BEGIN
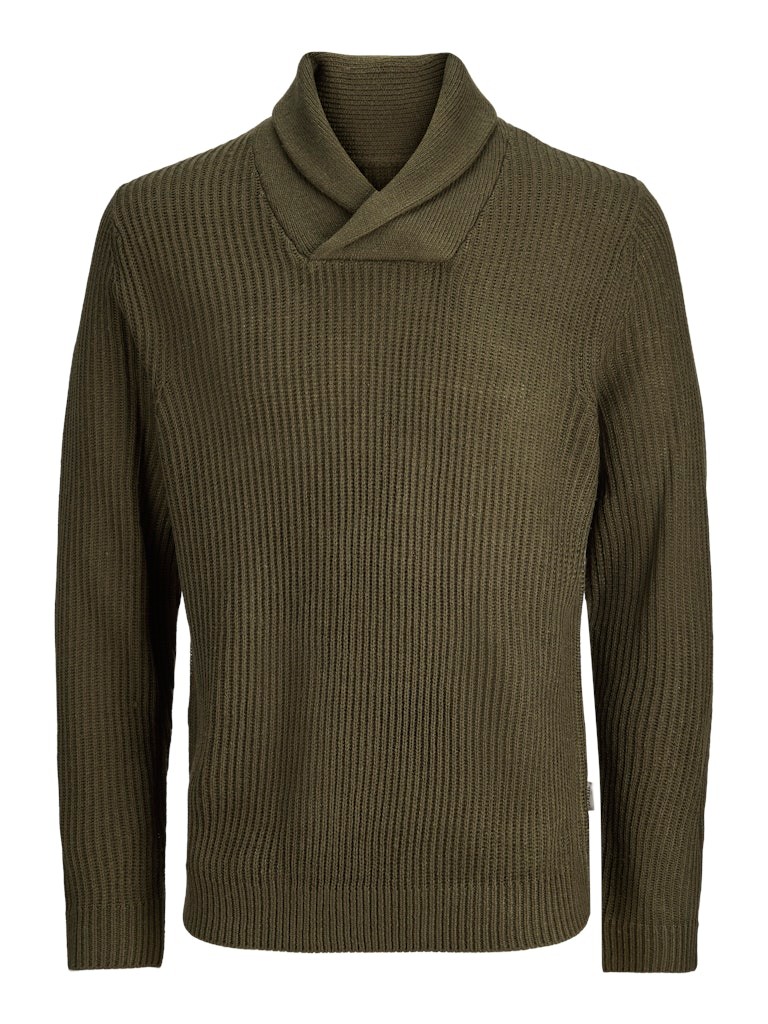 JJ REBEL Машки џемпер 12284664, маслинеста боја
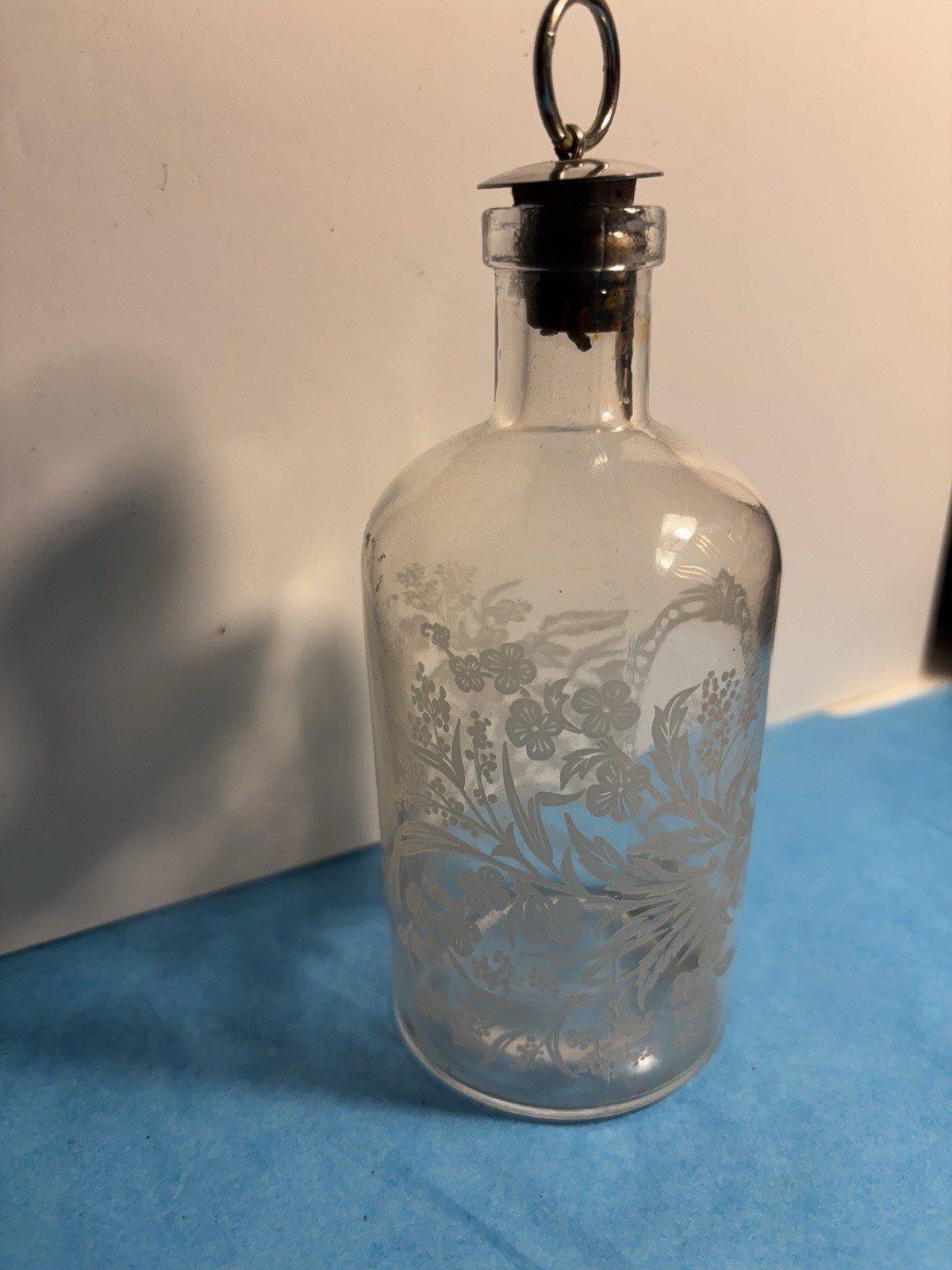 Antique French Victorian Glass Etch Decorated Monogram Apothecary Spirit Bottle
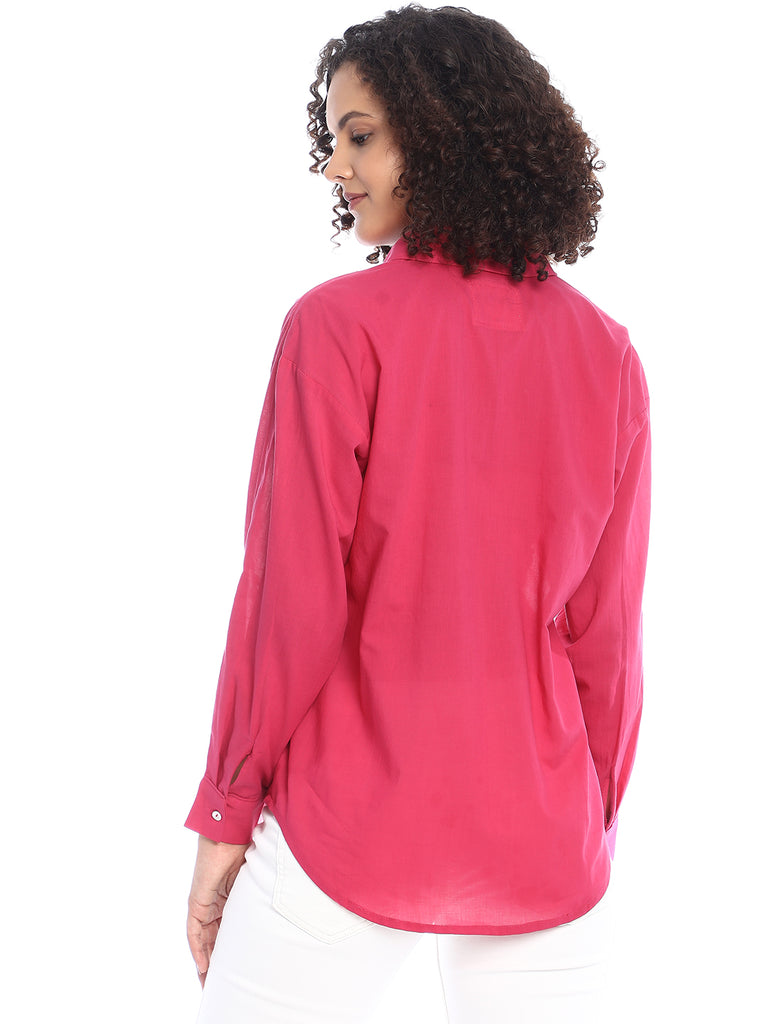 Berry Bright Pink Cotton Drop Shoulder Shirt for Women - Paris Fit from GAZILLION - Back Look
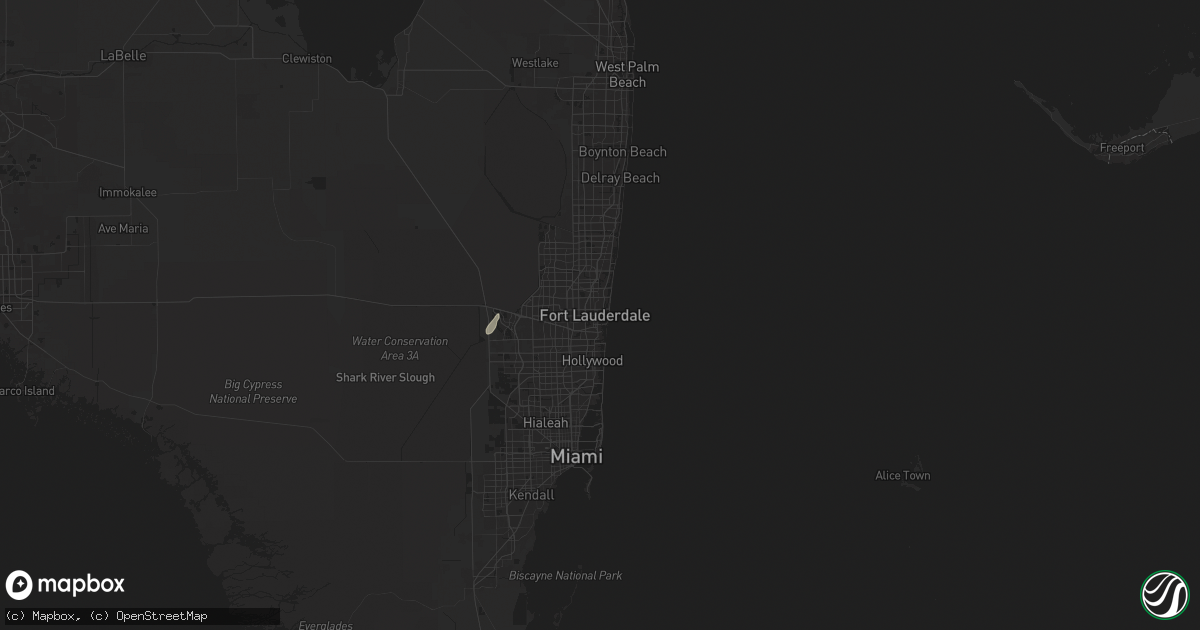 Hail map in Fort Lauderdale, FL on July 22, 2025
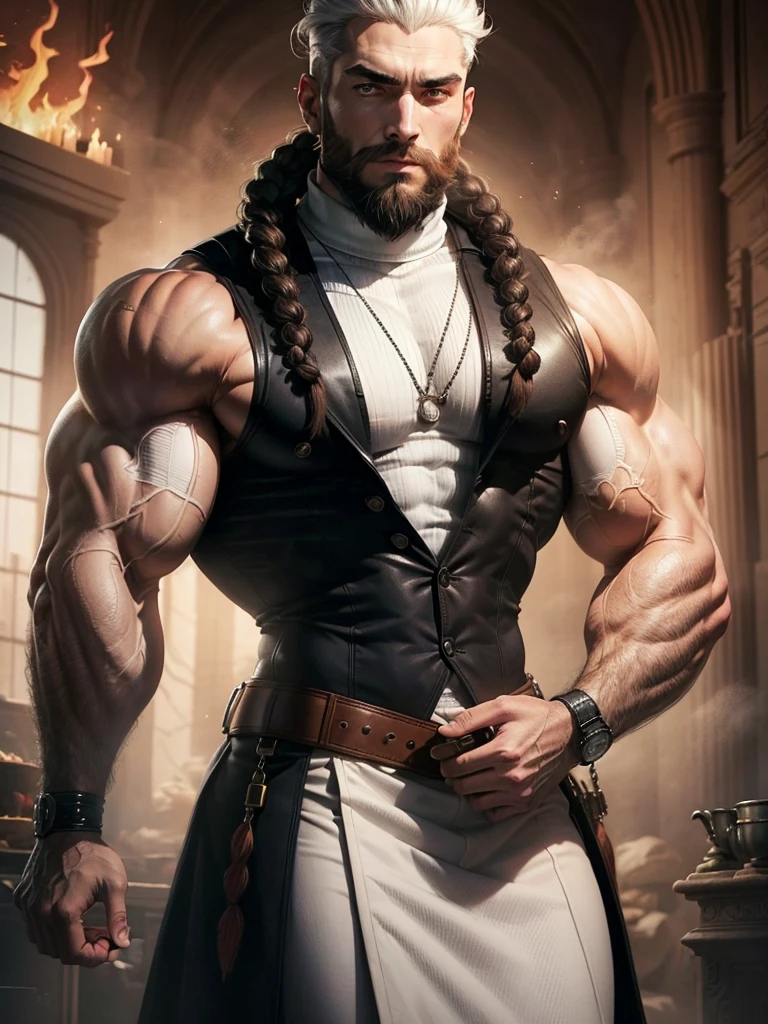Muscular man with a braided beard, white turtleneck, black vest coat, fire god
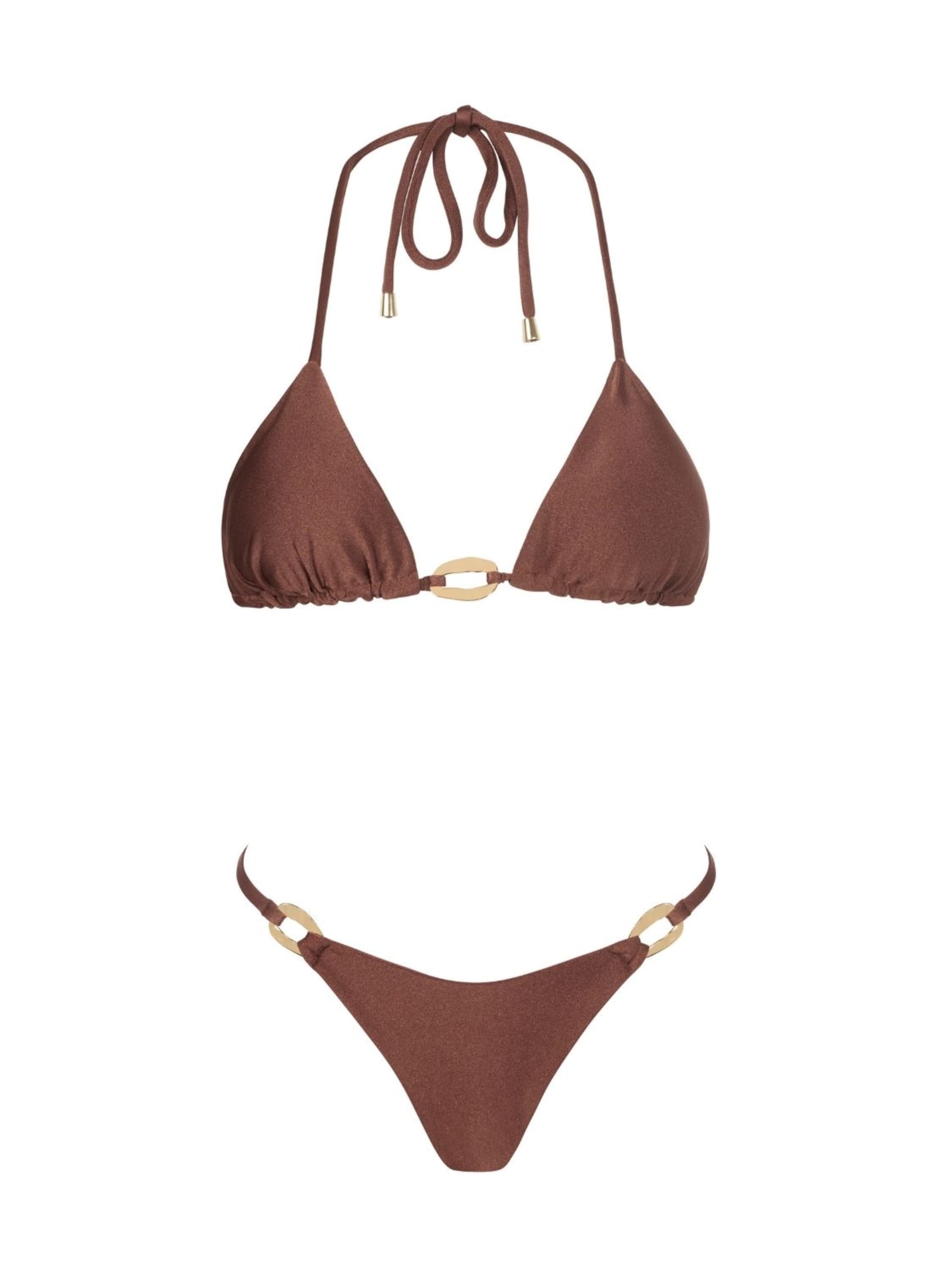 Acuarela Brand Triangel Bikini 'Capri Triangle Set' in Bruin: voorkant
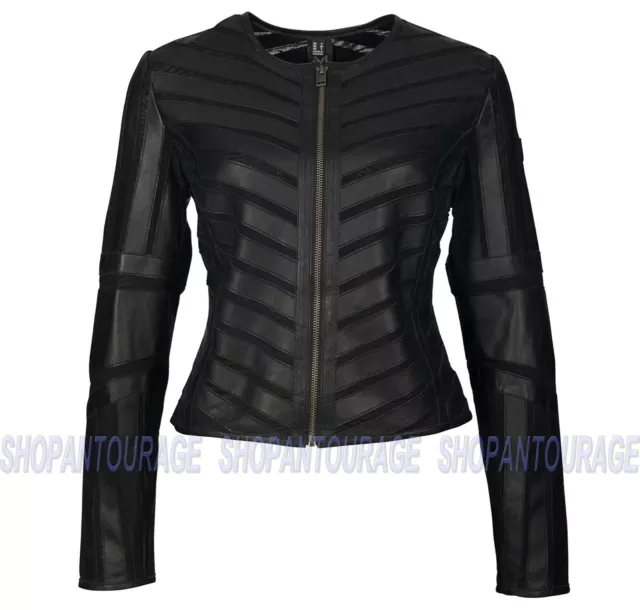 Mauritius Tiya Nero 100% Nuovo Originale pelle D'Agnello Moda Giacca per Donne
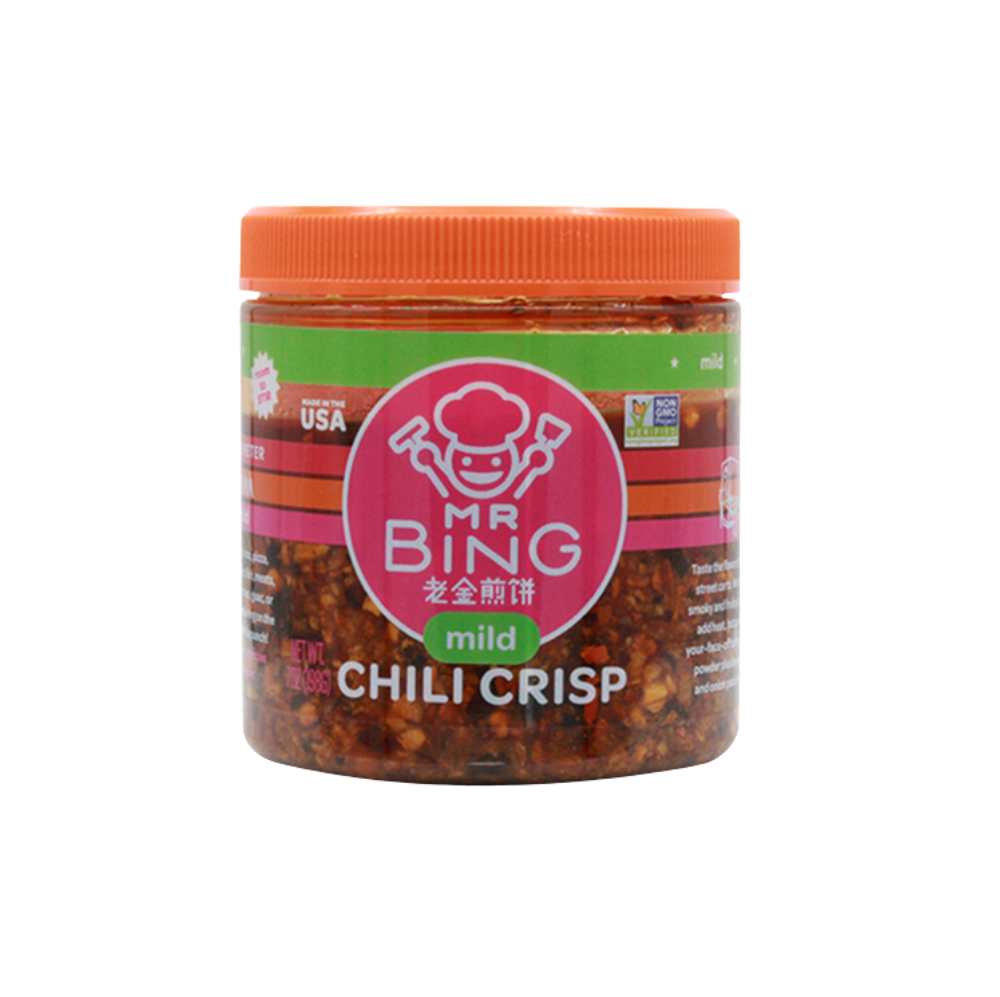 Mr Bing Foods Chili Crisp jar, 7 oz, mild flavor, with a label showing chili and garlic ingredients, on a white background.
END
» **Exercise requirements**
The records above, minus their pictures, are to be returned verbatim.

» **Task answer**
 JJ REBEL Машки џемпер 12284664, маслинеста боја
 Antique French Victorian Glass Etch Decorated Monogram Apothecary Spirit Bottle
 Berry Bright Pink Cotton Drop Shoulder Shirt for Women - Paris Fit from GAZILLION - Back Look
 Hail map in Fort Lauderdale, FL on July 22, 2025
Muscular man with a braided beard, white turtleneck, black vest coat, fire god
 Acuarela Brand Triangel Bikini 'Capri Triangle Set' in Bruin: voorkant
 Mauritius Tiya Nero 100% Nuovo Originale pelle D'Agnello Moda Giacca per Donne
 Mr Bing Foods Chili Crisp jar, 7 oz, mild flavor, with a label showing chili and garlic ingredients, on a white background.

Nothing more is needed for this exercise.